Information shown.
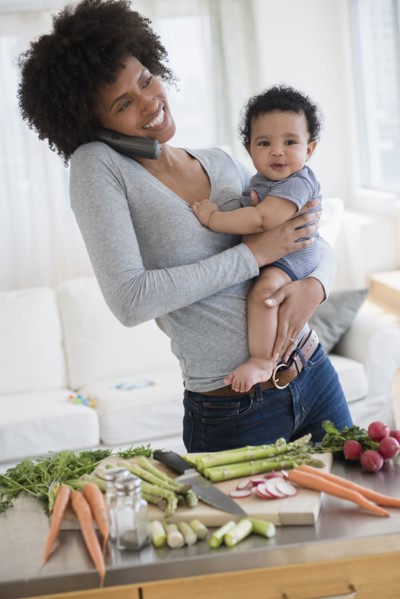 Mother talking on telephone while holding baby son in kitchen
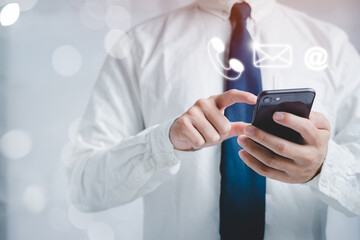 men holding a smartphone To communicate with people through email, phone numbers and the Internet. Concept of smartphones in the future. Long Distance Communications LoT.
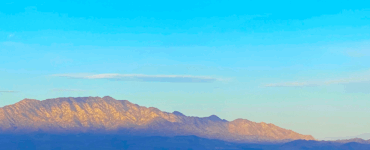 Sunrise light illuminates the mountain peak while the base remains in shadow, with dark blue tones. The sky above is blue with a few scattered clouds.
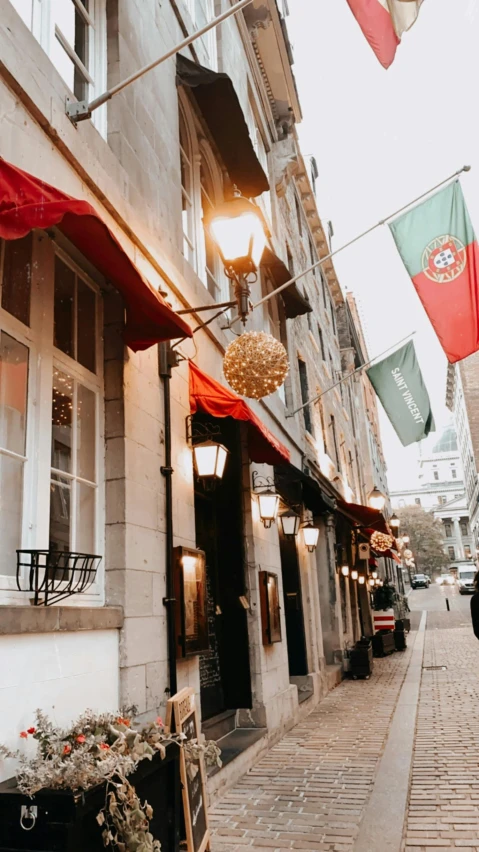 a narrow city street with shop lights and flags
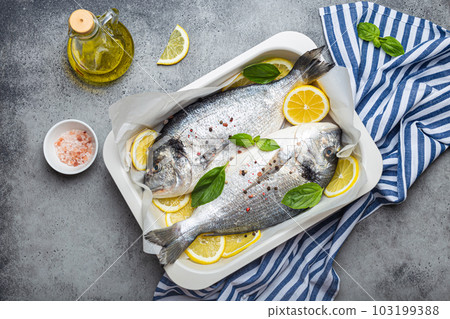 Raw fish dorado in casserole dish with ingredients lemon, fresh basil, bottle of olive oil on wooden cutting board with knife on rustic stone background top view, cooking healthy fish dorado 103199388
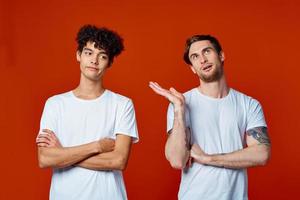 twee vrienden in wit t-shirts bouw teams hij emoties rood achtergrond foto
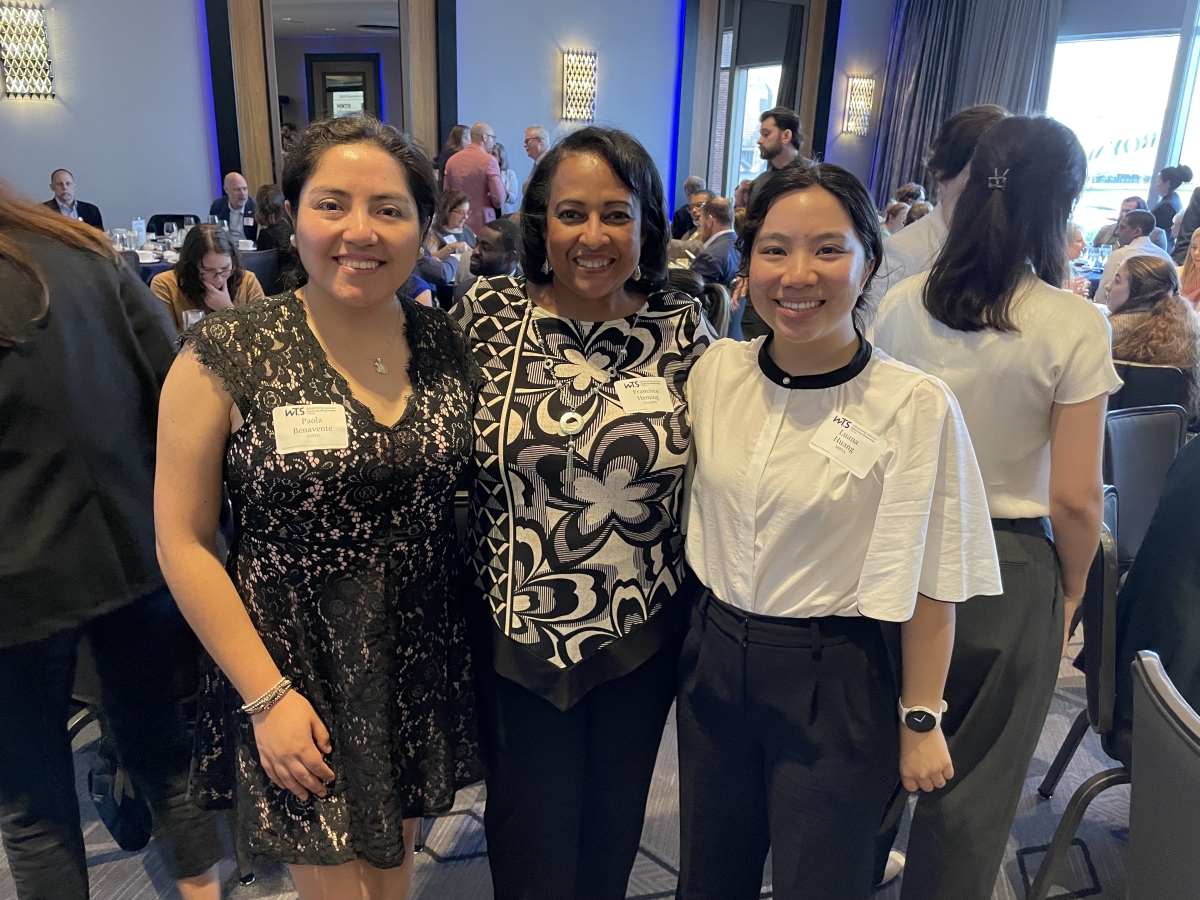 Three women stand together and smile at the camera. They are wearing business casual clothing and are posing in a room filled with tables and other people.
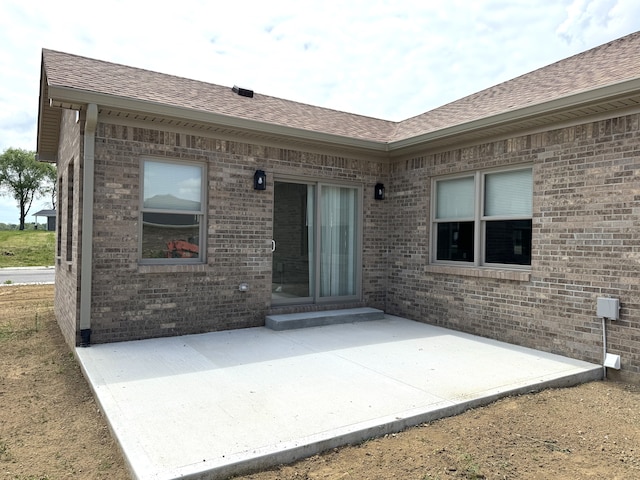 exterior space with a shingled roof, a patio area, and brick siding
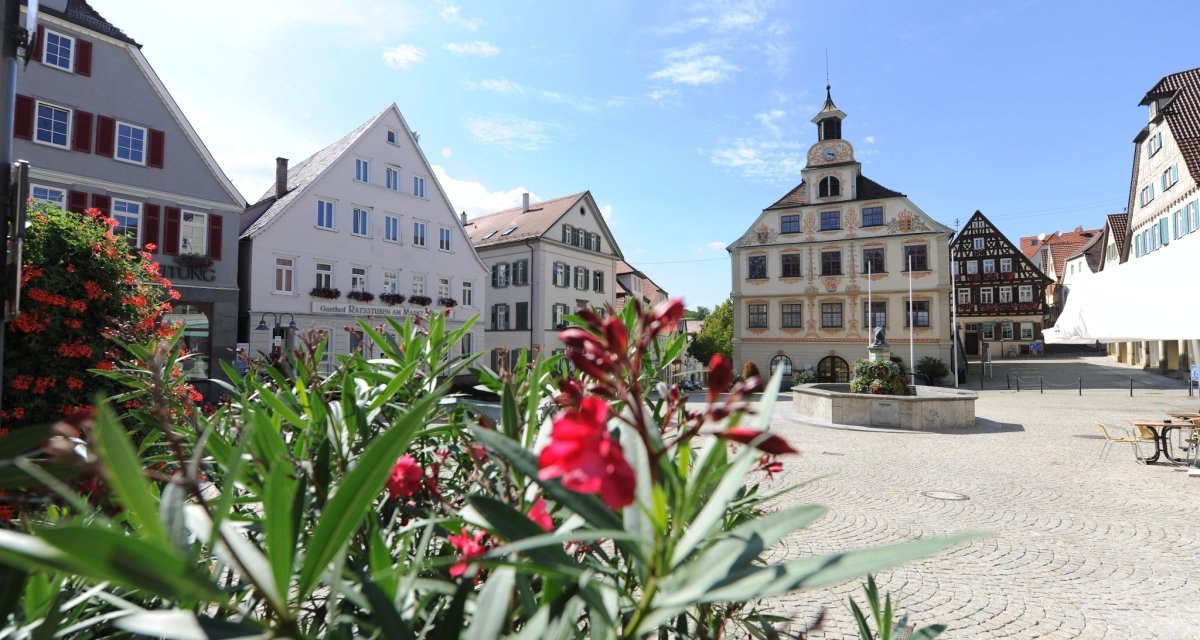 Marktplatz in Vaihingen an der Enz mit historischen Gebäuden und Blumen im Vordergrund bei sonnigem Wetter., © Stadt Vaihingen an der Enz Marktplatz in Vaihingen an der Enz mit historischen Gebäuden und Blumen im Vordergrund bei sonnigem Wetter., © Stadt Vaihingen an der Enz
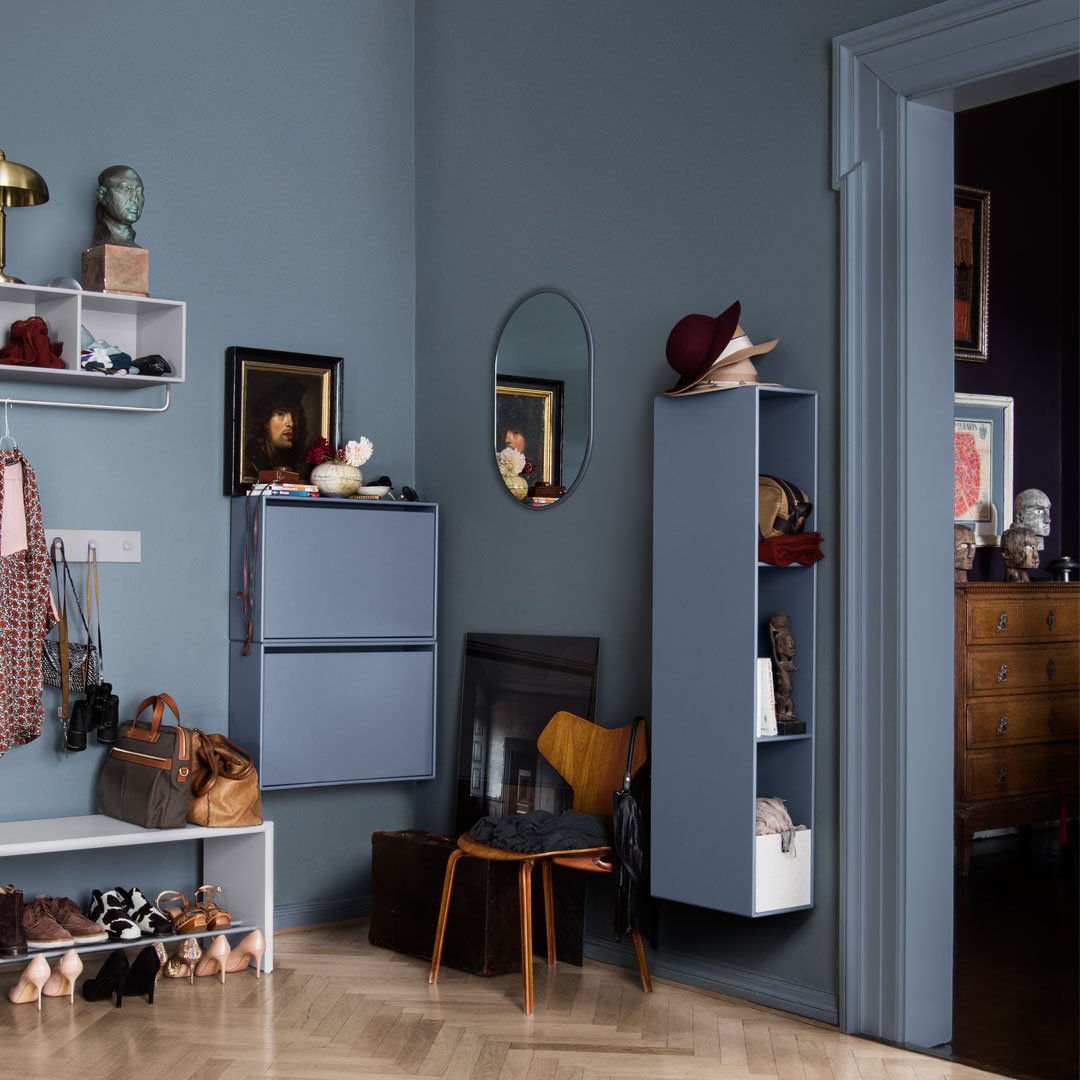 Soft blue walls with gray accents and a mix of textures in a stylish living space. Modern, minimalist patterns enhance decor.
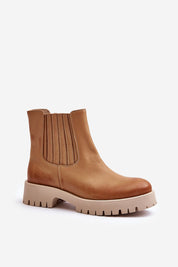 Tan platform boot with block heel, elastic side panel, and rugged sole, perfect for fall and winter fashion and versatility.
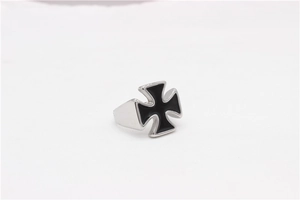 Macro detail of silver titanium steel ring featuring a black Iron Cross medal design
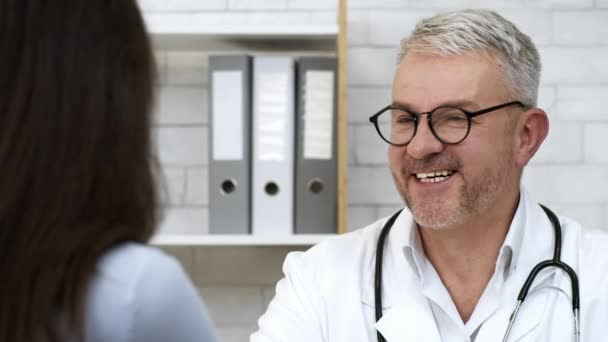 Alegre doctor hablando con paciente femenina durante cita médica en interiores — Vídeos de Stock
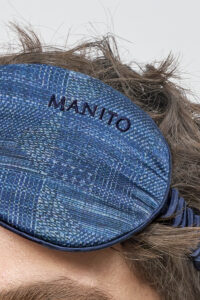 Close-up of Cube Men's Eye Mask with embroidered MANITO logo, showcasing refined craftsmanship and texture details.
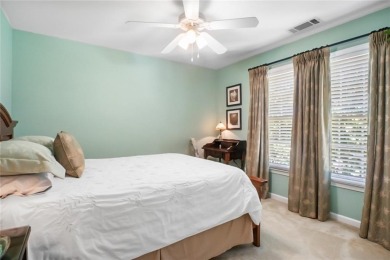 Tucked into a quiet cul-de-sac in sought-after Windward, this on The Golf Club of Georgia in Georgia - for sale on GolfHomes.com, golf home, golf lot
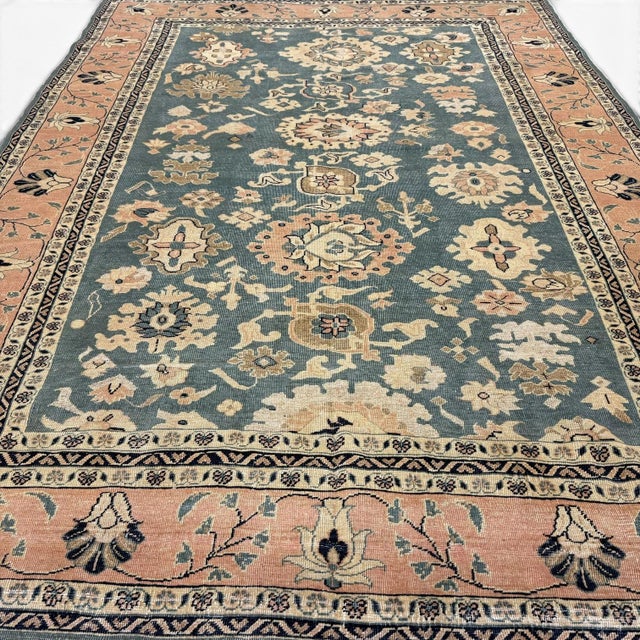 This vintage Sultanabad-inspired rug captures the timeless elegance and decorative richness of classical Persian design,...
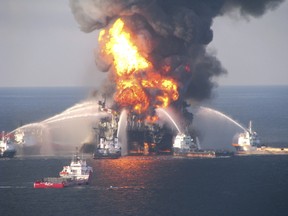 Fire boat response crews battle the blazing remnants of the off shore oil rig Deepwater Horizon, off Louisiana, in this file handout photograph taken on April 21, 2010.  REUTERS/U.S. Coast Guard/Handout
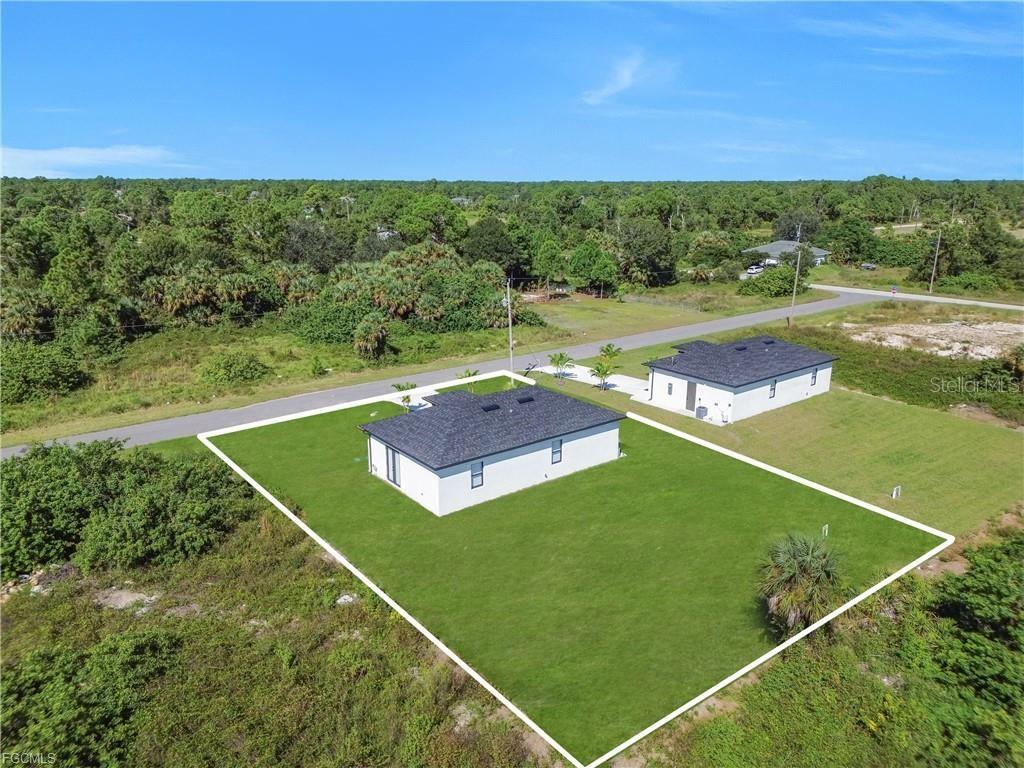 713 Roma Avenue South Lehigh Acres, FL 33974 - Photo 31 of 38 a view of a tennis court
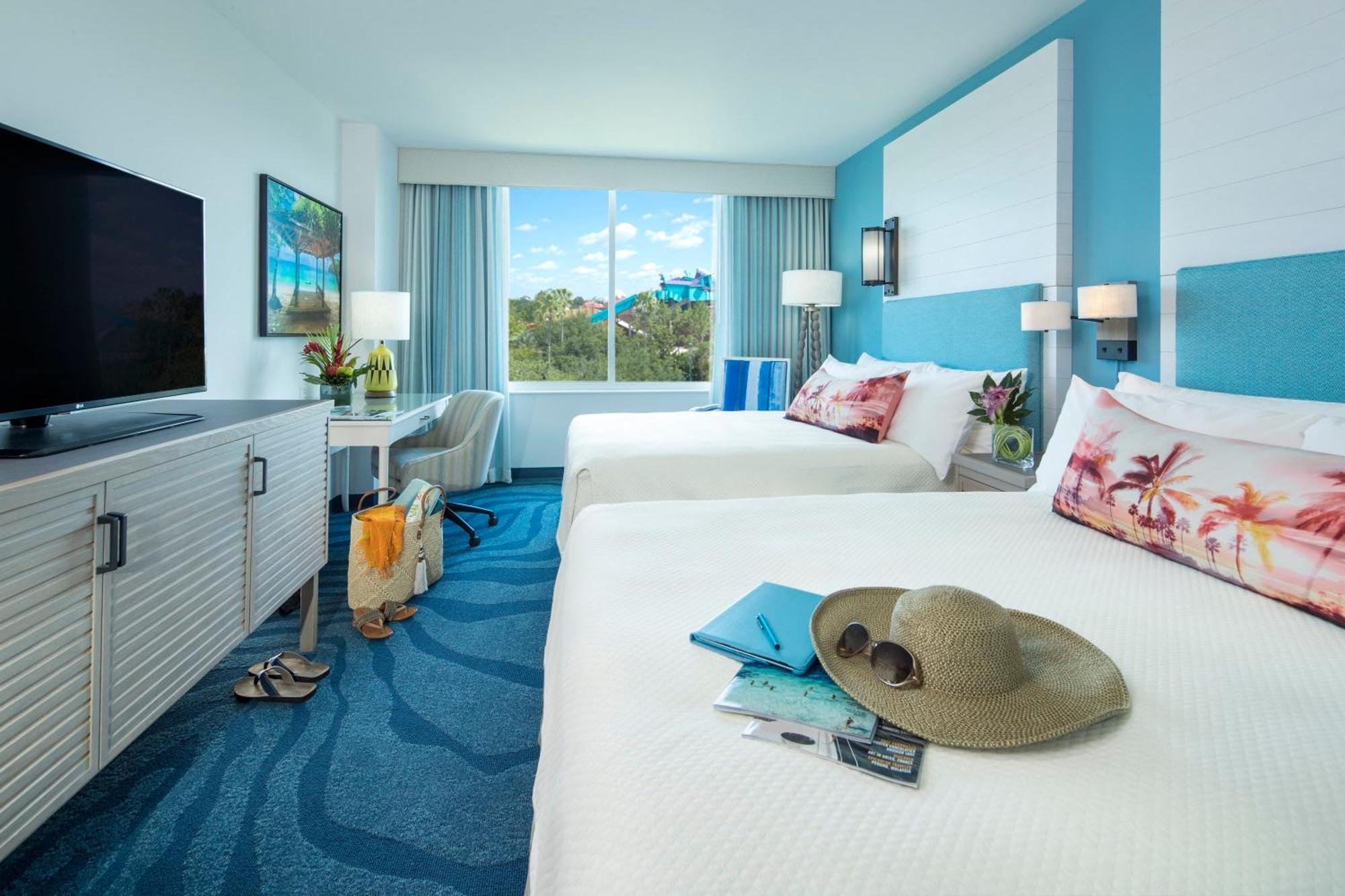 Mobility or Hearing Accessible Pool View 2 Queen Room w or ADA tub Includes Early Park Admission*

Exercise goal.
Return only the stretch above from the line containing "exterior space with" through the line containing "Tan platform boot", word for word and without pictures.

Completed task.
 exterior space with a shingled roof, a patio area, and brick siding
 Marktplatz in Vaihingen an der Enz mit historischen Gebäuden und Blumen im Vordergrund bei sonnigem Wetter., © Stadt Vaihingen an der Enz Marktplatz in Vaihingen an der Enz mit historischen Gebäuden und Blumen im Vordergrund bei sonnigem Wetter., © Stadt Vaihingen an der Enz
 Soft blue walls with gray accents and a mix of textures in a stylish living space. Modern, minimalist patterns enhance decor.
 Tan platform boot with block heel, elastic side panel, and rugged sole, perfect for fall and winter fashion and versatility.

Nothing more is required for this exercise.